──────── Given data
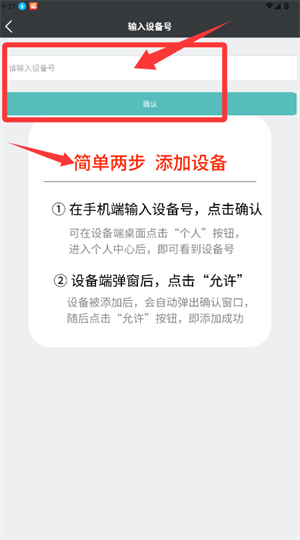 长颈猫机器人_https://www.toolscha.com_便捷生活_第3张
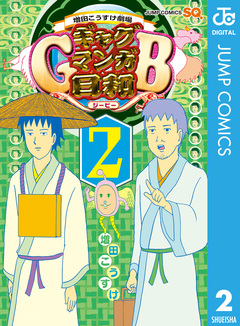 増田こうすけ劇場 ギャグマンガ日和GB 2巻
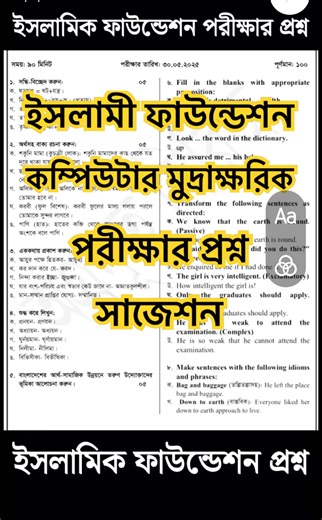 Islamic Foundation - IFB office assistant cum computer typist exam question, question pattern, suggestion || ইসলামিক ফাউন্ডেশন অফিস সহকারী কাম কম্পিউটার মুদ্রাক্ষরিক পদের পরীক্ষার প্রশ্ন, সাজেশন ও প্রশ্ন প্যাটার্ন । ইসলামিক ফাউন্ডেশন অফিস সহায়ক পরীক্ষার প্রশ্ন ||🔥 IFB office support staff exam question ইসলামিক ফাউন্ডেশন অফিস সহকারী কাম কম্পিউটার মুদ্রাক্ষরিক পদের পরীক্ষার প্রশ্ন ইসলামিক ফাউন্ডেশনের হিসাব রক্ষক পদের পরীক্ষার প্রশ্ন ইসলামিক ফাউন্ডেশন নিয়োগ পরীক্ষার প্রশ্ন ইসলামিক ফাউন্ডেশন পরীক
────────────────
» **The task**
Exactly as they appear, transcribe the lines from the top of the material above through the line with "増田こうすけ劇場 ギャグマンガ日和GB 2巻". Omit any picture.

» **Task answer**
 长颈猫机器人_https://www.toolscha.com_便捷生活_第3张
 増田こうすけ劇場 ギャグマンガ日和GB 2巻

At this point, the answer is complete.